Die Gründer-Story von baramundi

Zwei Augsburger Jungs mussten für einen Telekommunikations-Provider in München auf mehreren Tausend Rechnern ein neues Betriebssystem installieren. Cloning war damals State of the Art: einen Rechner perfekt installieren und das dann auf die anderen Tausend übertragen. Das Problem: Rechner sind nie identisch und damit leidet die Qualität der Installation. Die Aufgabe der späteren baramundi-Gründer war: Installiert die Rechner so, als wären sie nativ, also von Hand, installiert worden. Um das zu lösen, haben die beiden im Auftrag eines Dienstleisters eine Software entwickelt. Als der Dienstleister pleiteging, gingen auch sie leer aus. Sie entschieden sich für einen Deal, sicherten sich den Source-Code der Software und legten so den Grundstein für die heutige baramundi software AG.

Uwe, dass du ein guter Manager bist, zeigen die Zahlen – Verdopplung von Umsatz und Mitarbeiterzahl alle fünf Jahre ist schon eine Hausnummer. Wärst du auch ein guter Gründer gewesen?

Uwe Beikirch: Ich wäre ein ziemlich schlechter Gründer. Ich habe eigentlich nie Ideen und selbst wenn ich mal eine habe, hätte ich zu viel Muffe, um diese umzusetzen. Was ich gut kann, das stimmt, ist Unternehmen, die ein bestimmtes Level erreicht haben, besser machen. Ich glaube, mein Talent ist, ein Umfeld zu schaffen, in dem die Ideen anderer wachsen können: Als ich vor elf Jahren bei baramundi eingestiegen bin, waren wir 40 Mitarbeiter und hatten 500 Kunden. Heute sind es 240 Mitarbeiter und 4.000 Kunden.

Wie hat sich der Führungsstil bei baramundi mit Uwe Beikirch verändert?

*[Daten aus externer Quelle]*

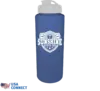 32 oz. Sports Bottle with Flip Top Cap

Uwe Beikirch: In der Anfangsphase wurde bei uns klassisch geführt: Chef sagt, was und wie es gemacht werden soll, und die anderen machten halt mal. Aber irgendwann lässt sich das nicht mehr skalieren. Du wirst älter und in den sich schnell entwickelnden Feldern wie IT haben die Jüngeren nun einmal das aktuellere, relevantere Wissen. Außerdem kann man die Menge an Entscheidungen irgendwann nicht mehr selbst treffen. Es sind zu viele Dinge in zu wenig Zeit, die zu weit weg vom eigenen Fachgebiet liegen. Dann musst du dazu übergehen, kompetente Leute zu finden, die für dich entscheiden.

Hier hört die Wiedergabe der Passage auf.